I am currently analysing current density of the CMOS shown below. It is using a multi-finger layout technique.



Can you help me explain why the current is only concentrated on one finger only, thus exceeding the allowable current in that given size of metal?
I thought that current throughout the fingers of the MOS is the same

By the way, the image is a sample of a buffer.
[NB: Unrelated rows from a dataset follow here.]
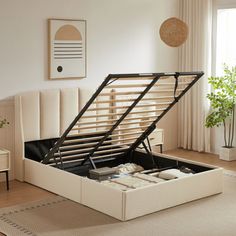 a bed that has been opened and is in the middle of a room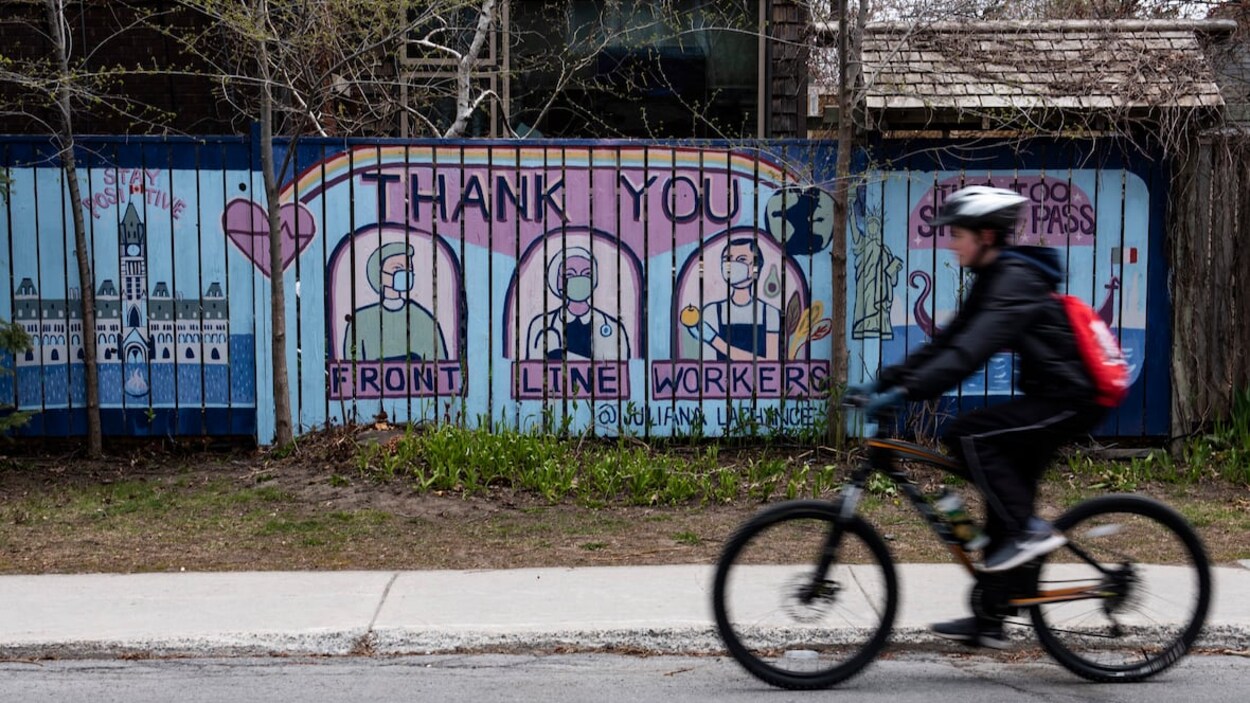 Un cycliste passe devant une murale où il est écrit : Merci aux travailleurs de première ligne.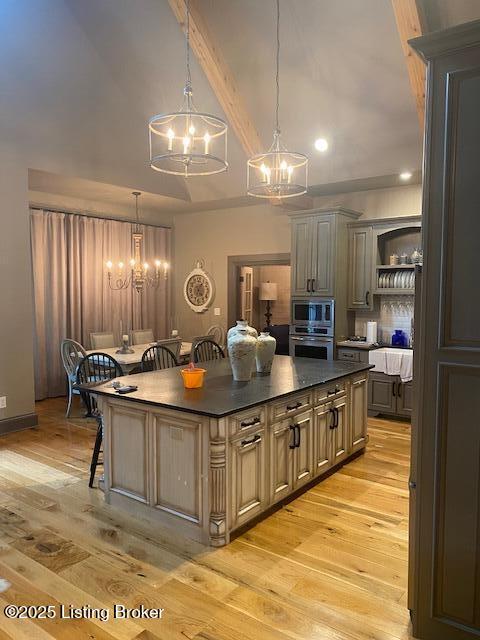 kitchen featuring a breakfast bar, dark countertops, appliances with stainless steel finishes, a kitchen island, and a chandelier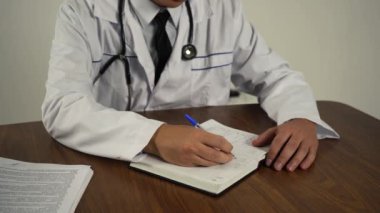 Doktor belgeleri ofisinde, masada tutuyor.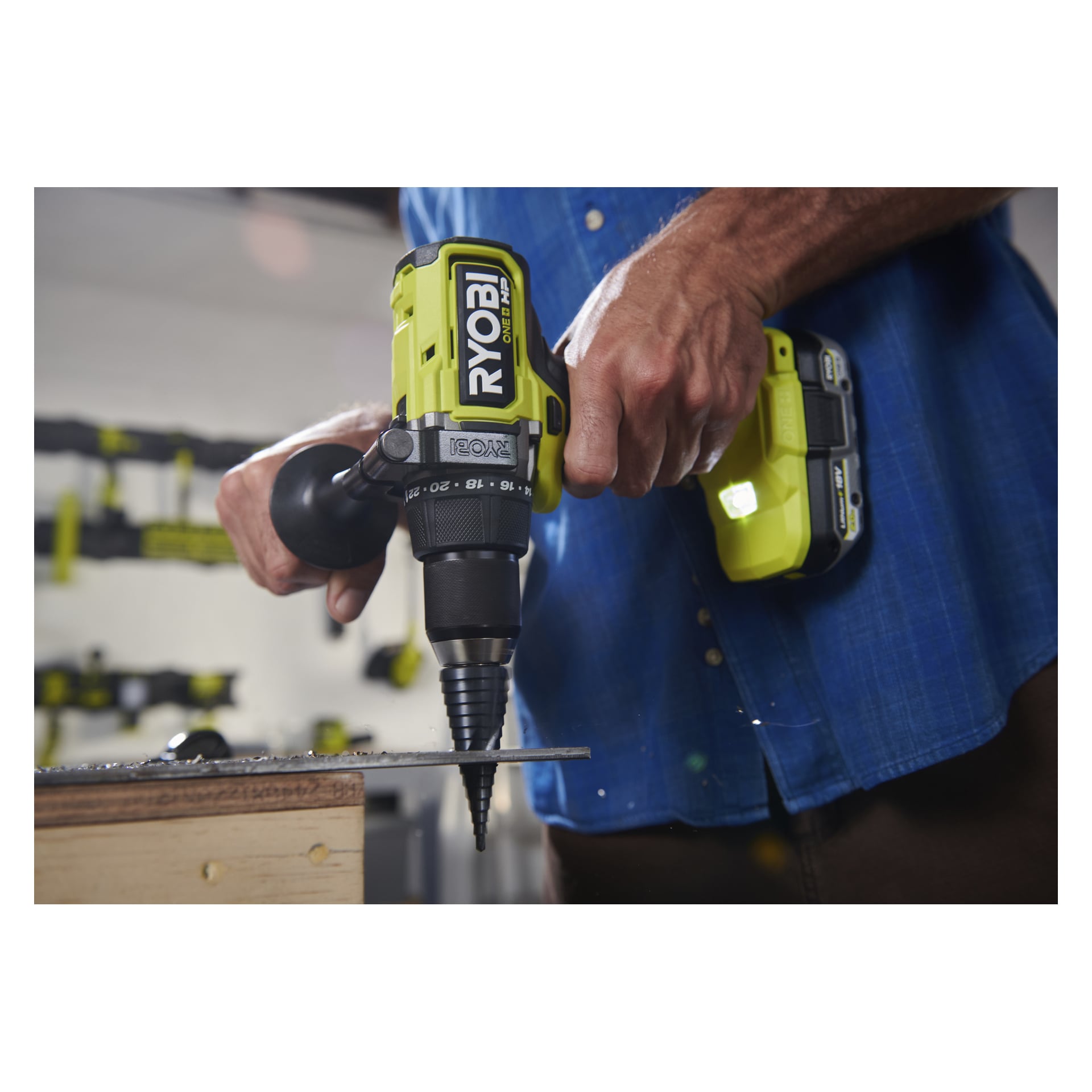 Iført en blå skjorte borer noen inn i metall med en Ryobi One+ HP RDD18X1-0; Hånden og boret deres er skarpe, bakgrunnsverktøyene uklare.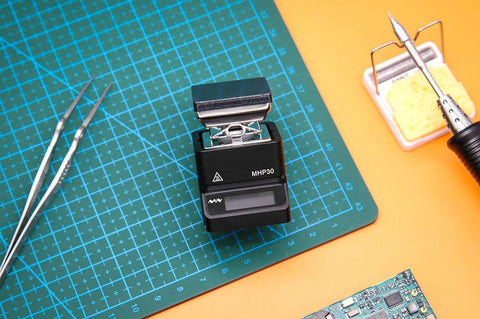 Ultra Compact Mini Hot Plate Soldering Preheater With OLED Display, 60W Power next to soldering tools on cutting mat
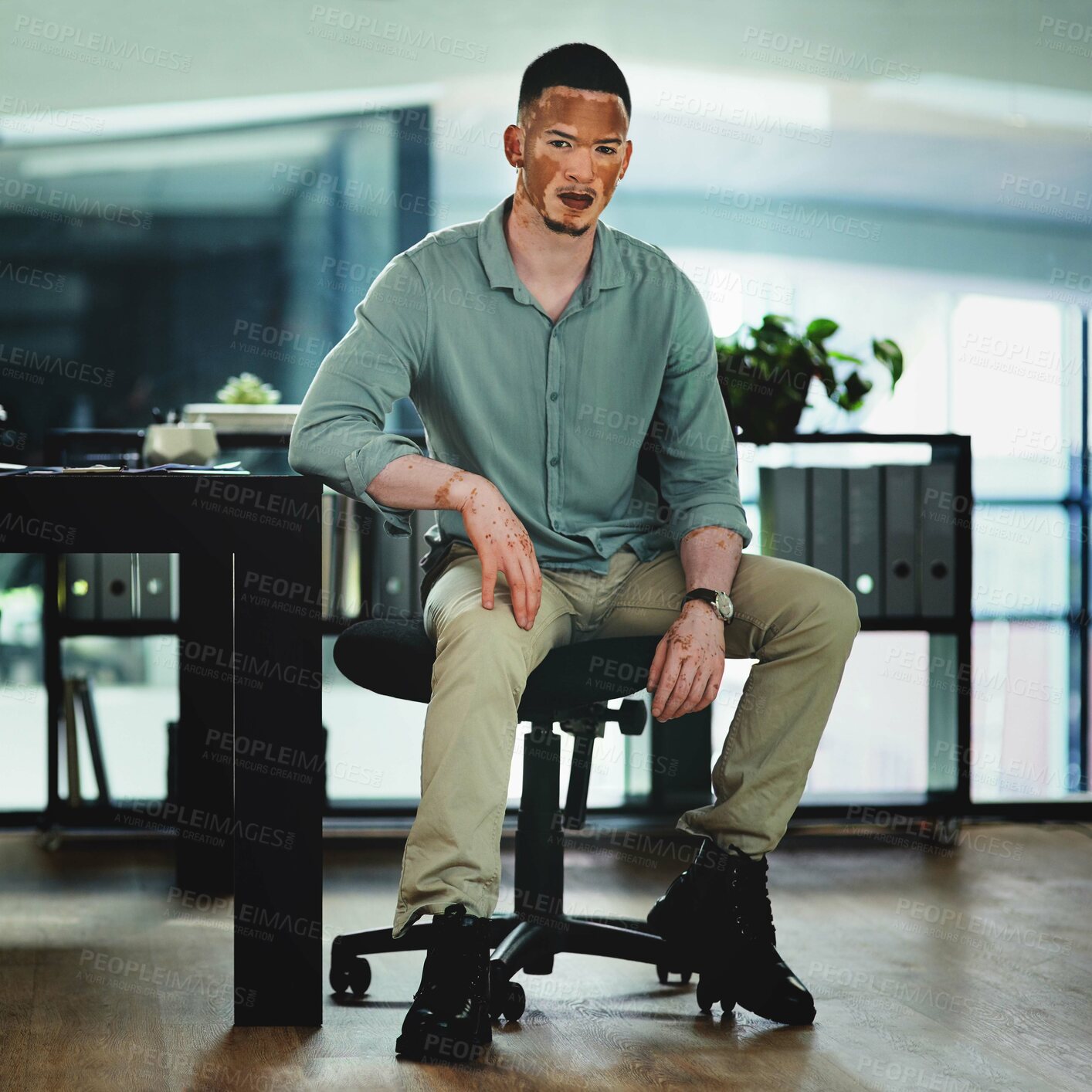 Buy stock photo Shot of a young businessman sitting at a desk in an office at work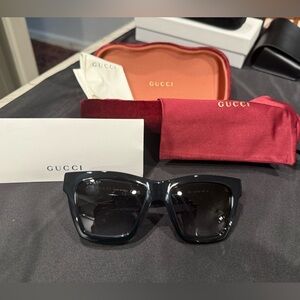Gucci GG1714S cat-eye sunglasses with a black frame and solid grey lenses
Note: Red mark denotes the area wherein the area that sinks largest current in the entire cell
 

The structure doesn't really speak to me in terms of
circuit function, but I'd guess there is one given that
the poly is broken up.

I see what looks like a source finger that feeds two
drains, each also fed by another source and so on.
So I'd call a unit drain current at the root of the
source stripe, unidirectional, defined by some load
of your estimation.

Current enters at the root and the first contact
sidewall is your probable choke-point. You would
apply a construction-analysis-based, worst cased
cross section at that point (A). Then your knowledge
of the load, and the duty factor at which you throw
that current, would give you I for purposes of Javg.

You probably ought to accommodate the reality that
finger current distribution has some nonuniformity, but
I don't often see this done. At any rate if you only have
the aggregate output current, then you'd apportion it
between fingers using your best judgment or data.
 

The structure doesn't really speak to me in terms of
circuit function, but I'd guess there is one given that
the poly is broken up.

I see what looks like a source finger that feeds two
drains, each also fed by another source and so on.
So I'd call a unit drain current at the root of the
source stripe, unidirectional, defined by some load
of your estimation.

Current enters at the root and the first contact
sidewall is your probable choke-point. You would
apply a construction-analysis-based, worst cased
cross section at that point (A). Then your knowledge
of the load, and the duty factor at which you throw
that current, would give you I for purposes of Javg.

You probably ought to accommodate the reality that
finger current distribution has some nonuniformity, but
I don't often see this done. At any rate if you only have
the aggregate output current, then you'd apportion it
between fingers using your best judgment or data.


hi dick_freebird,

I understand little in this reply. Can you please elaborate this, in a much simpler terms?
You know, I am still a newbie when it comes to CMOS concepts.

I will appreciate it a lot.

Thanks.
 

Are all fingers supposed to be conducting current uniformly?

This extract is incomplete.